Third Party Transaction Expenses definition

Third Party Transaction Expenses means all third-party fees and expenses incurred in connection with the Merger and the other transactions contemplated by this Agreement, including all legal, accounting, investment banking, broker, financial advisory, consulting, and all other fees and expenses of third parties (including any costs incurred to obtain consents, waivers or approvals as a result of the compliance with Section 6.5) incurred by a party in connection with the negotiation and effectuation of the terms and conditions of this Agreement and the transactions contemplated hereby. The Third Party Transaction Expenses of the Company will include any change of control or similar bonuses payable by the Company to employees of the Company upon consummation of the Merger other than in respect of Vested Company Options.
Third Party Transaction Expenses means all expenses of investment bankers and legal counsel incurred by the Company in connection with the negotiation and execution of this Agreement and the consummation of the transactions contemplated by this Agreement.
Third Party Transaction Expenses means all fees and expenses incurred in connection with the Sale and the other Transactions, including all legal, accounting, investment banking, financial advisory, consulting and all other fees and expenses of third parties.

Examples of Third Party Transaction Expenses in a sentence

  • Whether or not the Merger is consummated, all Third Party Transaction Expenses shall be the obligation of the respective party incurring such fees and expenses.

  • Each party shall be responsible for its own expenses and costs that it incurs with respect to the negotiation, execution, delivery and performance of this Agreement and the Ancillary Agreements (the “Third Party Transaction Expenses”); provided however, that Sellers shall jointly and severally be liable for all Third Party Transaction Expenses incurred by the Company prior to Closing.

  • The Statement of Expenses shall be accompanied by invoices supporting the Third Party Transaction Expenses reflecting such advisors’ final billable Third Party Transaction Expenses and wire instructions for each such Person.

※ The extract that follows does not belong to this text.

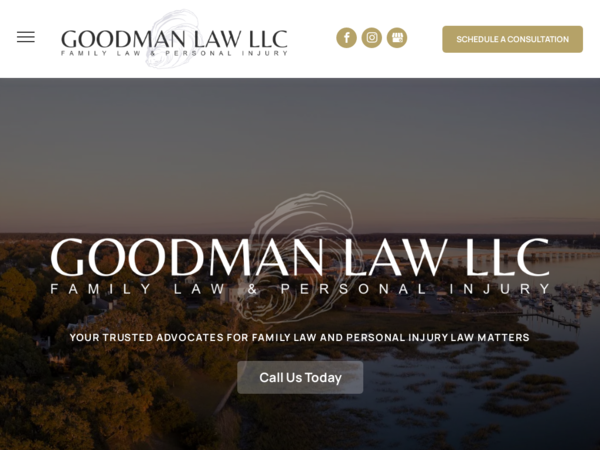 Goodman Law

  • On the other hand, if the Third Party Transaction Expenses set forth on the statement delivered prior to the Closing by the Company to Buyer pursuant to Section 3.1(a)(iii) exceed the Third Party Transaction Expenses (as finally determined after the Closing pursuant to Section 3.1(c)), then Buyer’s payment obligations under this Agreement will be adjusted upward by such excess amount.

  • Except as provided in Section 5.12(d), whether or not the Merger is consummated, all Third Party Transaction Expenses shall be the obligation of the respective party incurring such fees and expenses, provided that, in the event the Merger is consummated, the Outstanding Company Transaction and Other Expenses shall be paid as set forth in this Agreement.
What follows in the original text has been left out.